Roma 2018: Millennium - Quello che non uccide - La recensione del thriller con Claire Foy

Di Massimo Vozza

Presentato oggi in anteprima al Roma Film Fest, Quello che non uccide, nuovo capitolo della saga di Millennium, prosegue con scarsa coerenza cinematografica e impronta narrativa il film del 2011 di David Fincher interpretato da Rooney Mara e Daniel Craig, qui sostituiti da un’imperfetta ma volenterosa Claire Foy (First Man) e un insoddisfacente Sverrir Gudnason (Borg McEnroe).
Questa volta la pirata informatica Lisbeth Salander si ritrova invischiata in una ragnatela intessuta di agenti segreti, criminali computerizzati e funzionari governativi corrotti; avrà nuovamente bisogno del giornalista Mikael Blomkvist per sopravvivere e affrontare finalmente, faccia a faccia, i fantasmi del suo passato.

Il film è basato sull’omonimo romanzo scritto dallo svedese David Lagercrantz che ha proseguito la saga dopo la conclusione della trilogia originale del defunto Stieg Larsson.

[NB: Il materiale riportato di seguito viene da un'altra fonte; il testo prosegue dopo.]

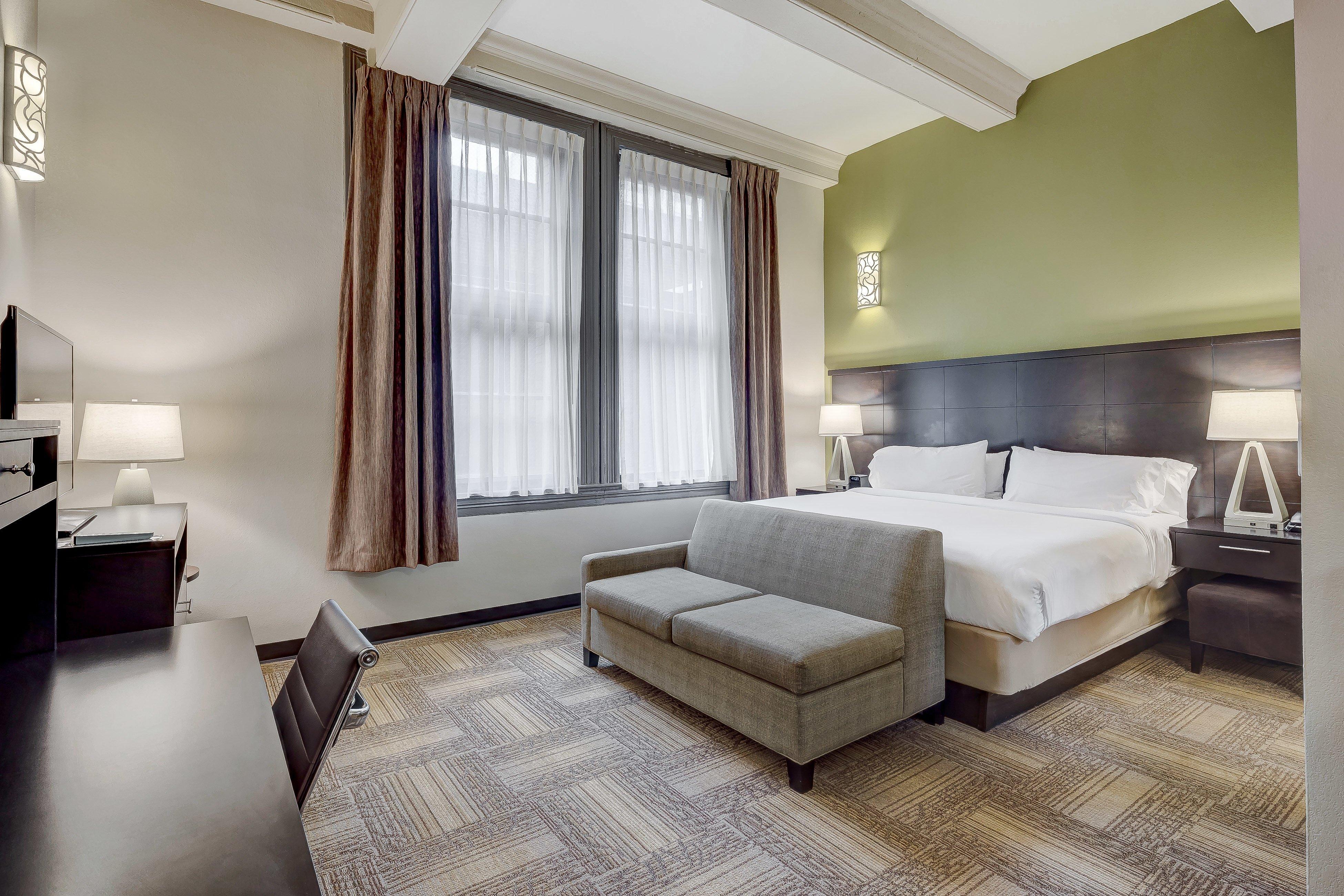 Hotel Staybridge Suites Baltimore - Inner Harbor By Ihg Baltimore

Come è cambiato l’autore dietro l’opera letteraria, cambia il regista: Fede Álvarez (La casa) sostituisce Fincher cercando di richiamare la sua impronta autoriale solo in parte e con risultati non abbastanza soddisfacenti; sulla carta è stato intelligente il non proseguire il prodotto in lingua inglese precedente, peccato che davanti a questo nuovo inizio ci sembra di guardare un film che tradisce l’universo di riferimento: la sceneggiatura è estremamente americanizzata, con conseguente eccesso di sequenze d’azione e inseguimenti, e perde il suo tocco europeo sia dal punto di vista estetico che narrativo finendo per assomigliare quindi a uno dei tanti thriller commerciali hollywoodiani al quale però non viene dato il giusto pathos perfino duranti i (forse perché prevedibili) plot twist.

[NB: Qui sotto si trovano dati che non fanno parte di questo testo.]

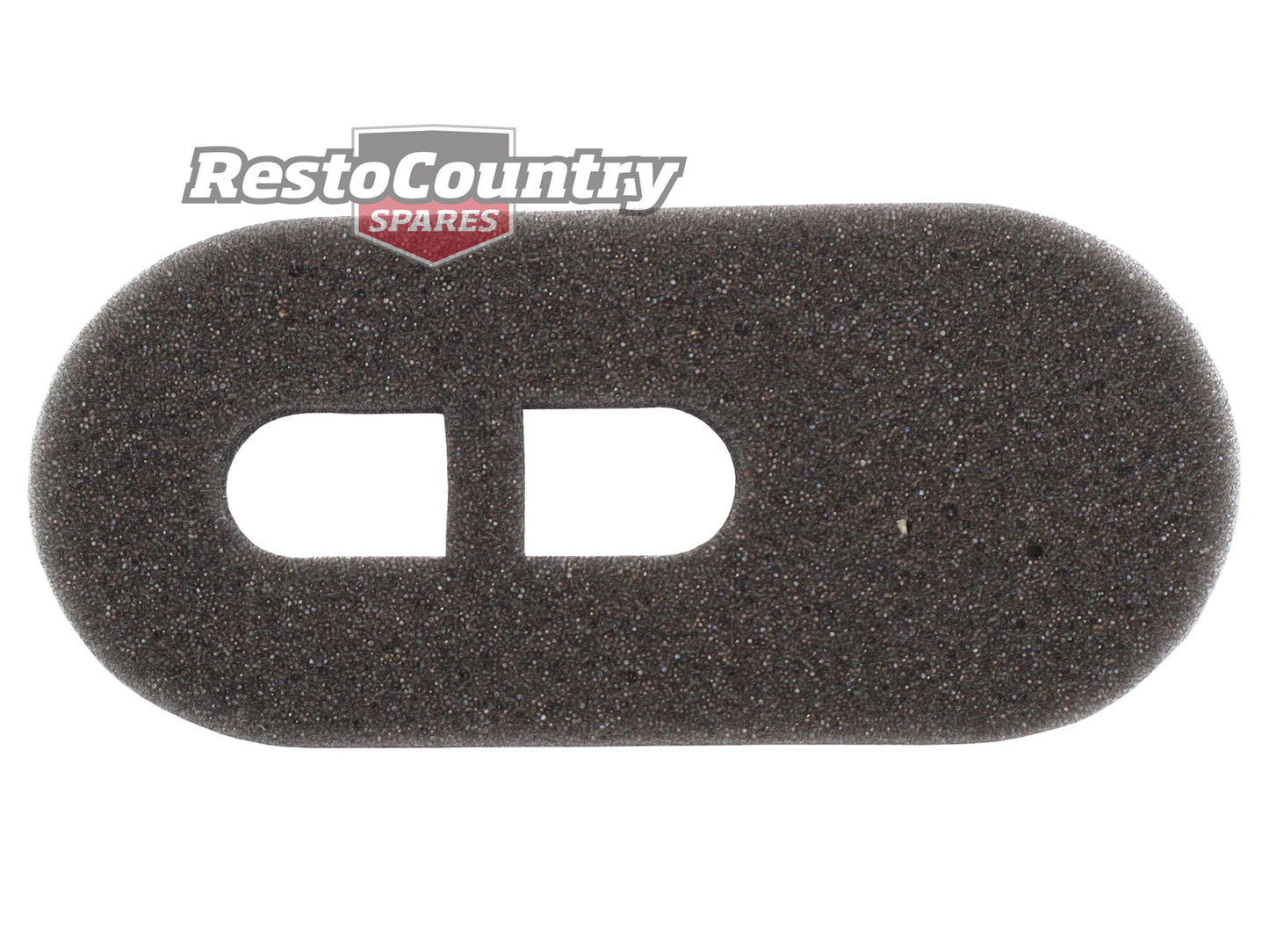 Ford Falcon Heater Core to Firewall GASKET XA XB XC with Air Con - F2518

A risentirne maggiormente è però proprio la protagonista, la cui essenza e umanità si dovrebbe palesare sottilmente tra le fessure del suo stato psicologico asociale e apparentemente distaccato; Lisbeth finisce per assomigliare a uno 007 simile a quello di Skyfall, opera al quale il film strizza l’occhio più volte compresi i titoli di testa, senza che la sua condizione acquisti sufficiente spessore. Inoltre il rapporto con Mikael perde di centralità e viene inserito nella storia superficialmente: il suo personaggio ai fini della storia risulta in conclusione praticamente inutile, anche perché soffocato dai personaggi femminili potenzialmente più interessanti (comprese le villain).

Puntare sulla forza e indipendenza delle donne in questo capitolo era pure una buona partenza ma purtroppo viene mal portata avanti e finisce per inserirsi in schemi visti e rivisti, diretti in modo frenetico e focalizzati troppo sull’intrattenimento che, anche se discreto, non è quello che ci si aspettava e sperava.